In practice this guides resume behavior: `:dedupe` on resume always
prefers the journaled result; `:idempotent` is happy to call the
capability again when the intent has no result.
## Common Patterns
- **Default to `:idempotent`.** It is the spec default for a reason.
- **Promote to `:unsafe_once` for external state changes.** Charges,
sends, deletes, and deploys deserve the strongest guard.
- **Use `:reconcile` when truth lives elsewhere.** Async work queued to
an external system is the canonical case.
- **Pair `:unsafe_once` with an approval workflow.** A blocking control
is fine for "never allow"; an interrupting control is needed for
"allow once a reviewer says so."
- **Treat the journal as the contract.** Tests should make assertions
against `Effect.Journal.intent_recorded?/2` and
`Effect.Journal.result_for/2`, not on capability call counts alone.
## Testing
A simple test exercises both the compile-time gate and the resume-time
guard.
```elixir
test "unsafe_once requires an operation control before plan compiles" do
spec =
Jidoka.agent!(
id: "risky",
instructions: "Charge only when explicit.",
operations: [
%{name: "charge_card", idempotency: :unsafe_once, kind: :action}
]
)
assert {:error, {:unsafe_once_requires_control, "charge_card", :action}} =
Jidoka.plan(spec)
end
test "incomplete unsafe_once intent fails on resume" do
llm = fn _intent, _journal ->
{:ok, %{type: :operation, name: "charge_card",
arguments: %{"order_id" => "A1"}}}
end
operations = fn _intent, _journal -> raise "boom" end
assert {:error, _error} =
Jidoka.turn(MyApp.SupportAgent, "Charge A1",
llm: llm,
operations: operations
)
# The application persisted the snapshot for a reconciler before
# surfacing the failure; resuming it never retries the operation.
end
```
For `:dedupe` and `:reconcile` operations, build a journal that already
has the desired shape and assert that resume routes correctly.
## Troubleshooting
| Symptom | Likely Cause | Fix |
| --- | --- | --- |
| `{:error, {:unsafe_once_requires_control, name, kind}}` | An `:unsafe_once` operation has no matching operation control. | Add a `controls do ... operation ... when: [name: name] end` clause. |
| `{:error, %Jidoka.Error{reason: :unsafe_once_incomplete_effect}}` | Resume saw a recorded intent without a result. | Route the snapshot to reconciliation; do not auto-retry. |
| Capability called twice on resume | Operation is `:idempotent` and the journal lost the result. | Persist the full snapshot including its journal; ensure your store preserves all fields. |
| Reconciliation never fires | The journal had no incomplete intents because the runtime did call the capability. | Confirm the policy is `:reconcile`, not `:idempotent`, and inspect `result.journal`. |
| Approved interrupt still errors on `:unsafe_once` | Approval target was the wrong interrupt id. | Build the response with `Jidoka.Review.Response.approve(review.interrupt_id)`. |
| `:dedupe` operation still runs every time | The journal across resumes is empty because each call started a new turn. | Use a session so the journal persists, or pass the prior `snapshot` to `resume/2`. |
## Reference
Key modules touched in this guide:
- [`Jidoka.Agent.Spec.Operation`](`Jidoka.Agent.Spec.Operation`) -
`valid_idempotencies/0`, `requires_control?/1`, `replay_safe?/1`,
`kind/1`.
- [`Jidoka.Agent.Spec`](`Jidoka.Agent.Spec`) -
`validate_operation_policies/1`, `validate_operation_policy/2`.
- [`Jidoka.Effect.Intent`](`Jidoka.Effect.Intent`) - struct that carries
the policy and the deterministic `idempotency_key`.

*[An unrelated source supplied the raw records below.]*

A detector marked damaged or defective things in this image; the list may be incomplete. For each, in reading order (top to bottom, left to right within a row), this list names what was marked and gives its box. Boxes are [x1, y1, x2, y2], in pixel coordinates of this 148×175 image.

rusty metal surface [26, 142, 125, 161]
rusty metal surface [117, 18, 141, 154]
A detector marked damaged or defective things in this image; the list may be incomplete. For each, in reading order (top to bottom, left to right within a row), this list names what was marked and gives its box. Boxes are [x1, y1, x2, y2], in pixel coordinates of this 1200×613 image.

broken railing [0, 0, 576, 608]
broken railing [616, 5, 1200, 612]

- [`Jidoka.Effect.Journal`](`Jidoka.Effect.Journal`) - `put_intent/2`,
`put_result/2`, `result_for/2`, `intent_recorded?/2`,
`incomplete_intent?/2`.
- [`Jidoka.Runtime.EffectInterpreter`](`Jidoka.Runtime.EffectInterpreter`) -
effect shell that enforces the per-policy resume rules.

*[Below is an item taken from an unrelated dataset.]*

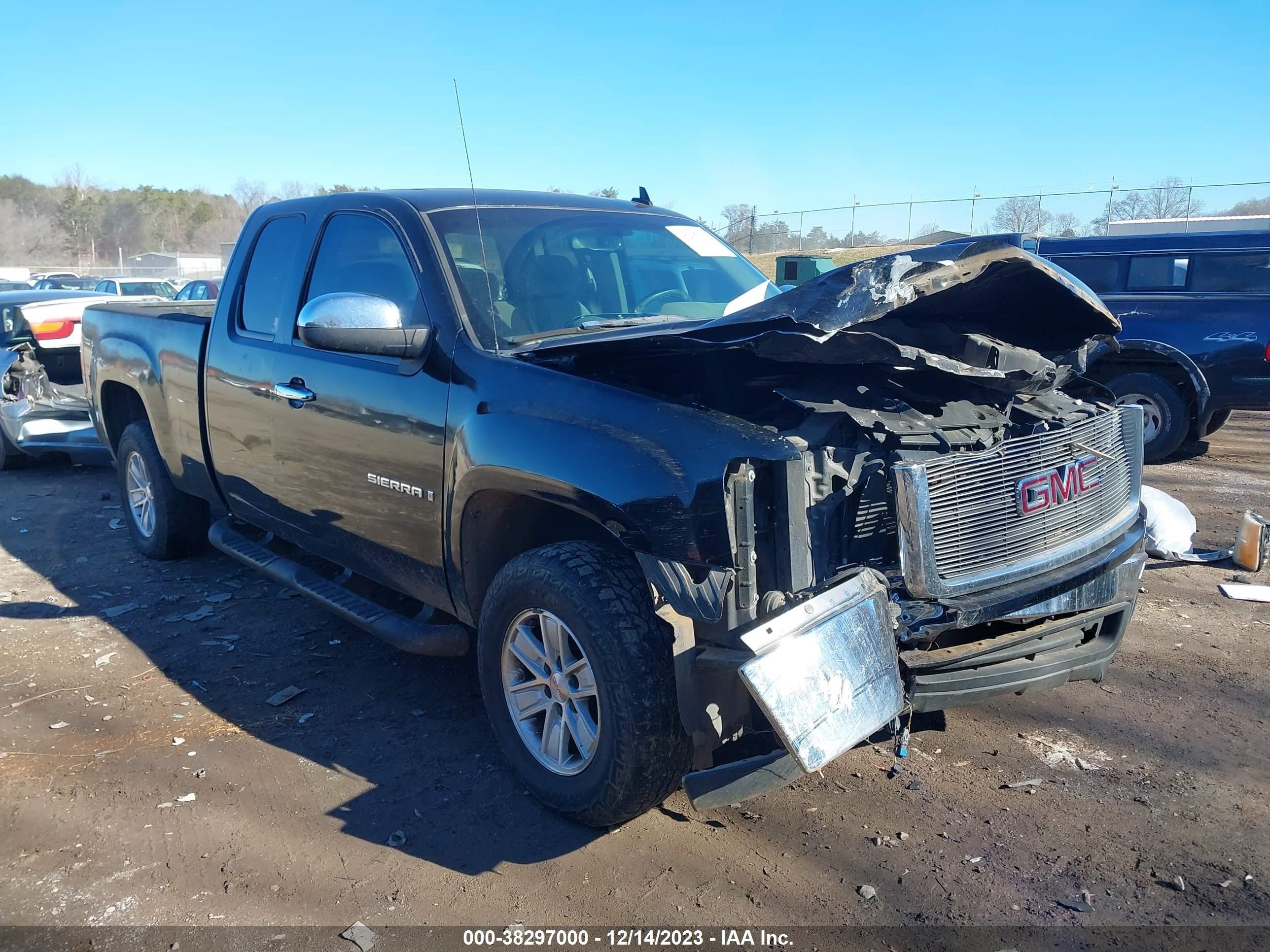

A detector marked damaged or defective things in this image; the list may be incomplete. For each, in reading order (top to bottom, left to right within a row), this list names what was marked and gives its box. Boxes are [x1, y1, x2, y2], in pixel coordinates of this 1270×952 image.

damaged vehicle nearby [0, 290, 111, 469]
damaged hood [525, 246, 1120, 398]
damaged vehicle nearby [84, 192, 1144, 828]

- [`Jidoka.Review.Response`](`Jidoka.Review.Response`) - the approval
path that lets `:unsafe_once` operations execute exactly once.
## Related Guides
- [Controls](controls.md) - the operation control surface required by
`:unsafe_once`.
- [Human In The Loop](human-in-the-loop.md) - durable approvals for
risky operations.
- [Snapshots And Resume](snapshots-and-resume.md) - the durable artifact
the journal lives inside.
- [Sessions And Stores](sessions-and-stores.md) - the durable session
that preserves the journal between turns.